The Student Quality Advisory Committee (SQAC) held its first meeting of the year to discuss any concerns within the student population on Nov. 9 at the Sandwich Factory.

SQAC is an open forum aimed to discover what students need in order to succeed. SQAC coordinator Maddy French said this committee is directed at sharing campus concerns and to discover what is vital for students to make their college experience the most beneficial.

“It’s a way to connect with students informally and find out what is important to students,” French said. “Basically, (we’re here to) help students on-campus, find out what’s happening on-campus and addressing questions students may have.”

The club strives for student quality — how life is viewed on and off-campus and what things can be done to assist in any way possible. Dean of Students for Student Affairs Jean DeCosta finds student involvement to be crucial to improve Cal Poly.

“My interest is hearing from students regarding concerns, issues, problems, even things that go well,” DeCosta said at the meeting. “This is an opportunity for us to get to know (students) and to decide whether there are areas of concern.”

Vice President for Student Affairs Cornel Morton said representation aids the development in making the university exceptional for students.

“The more opportunity we have in the administration to learn about what students are interested in and what students consider important, the better,” Morton said. “That’s why we have college council: ASI, SQAC (and) Poly Ambassador. If SQAC persists, it will persist because students want it to persist. We want to make this work.”

In regards to its members, SQAC participation is selective. The club is based on either invitation or nomination.

“In terms of its structure, SQAC is probably not going to grow to be a 50 member group; it’s not that kind of group,” Morton said. “It’s going to be less than a dozen students (but) that’s not because we’re saying, ‘Don’t come, we don’t want you.’ I think the characteristics of an informal advisory group of this kind is probably going to be more effective if we can focus on particular issues that perhaps a representative body of students bring forward. That doesn’t have to number in the dozens.”

Being student-directed, led and focused, participants of the committee voiced several topics of concern at the meeting. Topics discussed included class registration, potential cheating, the availability and ability to enroll into classes and the overall necessity of general education (GE) classes.

GE classes received mixed reviews. Students said GEs can be a good source for students to expand outside of their major, but the student lack of interest for the courses affects the students.

Social sciences senior Michelle Fox said this is a typical trend with students.

“(GE classes) force teachers to deal with GE kids (who) aren’t there to learn about their major, so there isn’t in-depth discussion,” Fox said. “Kids who are interested in going further are not benefiting from it at all.”
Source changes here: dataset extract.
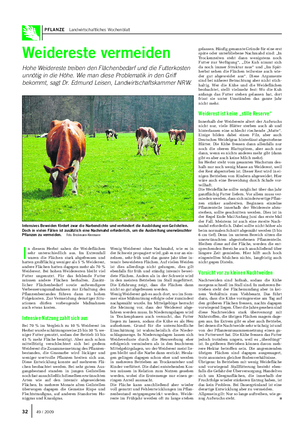PFLANZE Landwirtschaftliches Wochenblatt Weidereste vermeiden Hohe Weidereste treiben den Flächenbedarf und die Futterkosten unnötig in die Höhe.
Some students, however, are forced to take classes because of unit requirement or for electives. This means students may be less interested in the subjects.

“People should get into classes that they are interested in,” Fox said. “(For example), if I have to take a D3 and I know that I want to take this class but I don’t get into it, I have to settle for something else. I’m not going to be as excited (for it compared to) that one class I could have had.”

Business administration senior Robin Garcia also said it has to do with the student’s attitude.

“I think it depends on your approach as a student as well,” Garcia said. “With maturity comes more respect for teachers. You may realize that it’s all connected, even though it’s not drawn out for you.”

Regardless, no matter what issues or problems students may deal with, members are glad there is a committee where they are comfortable enough to voice their opinions.

“I think (the SQAC) is great. I’m glad I could give back as a fourth year. Our voice is actually being heard; large-scale surveys are not the same,” Garcia said.

SQAC meets twice a quarter for the whole year.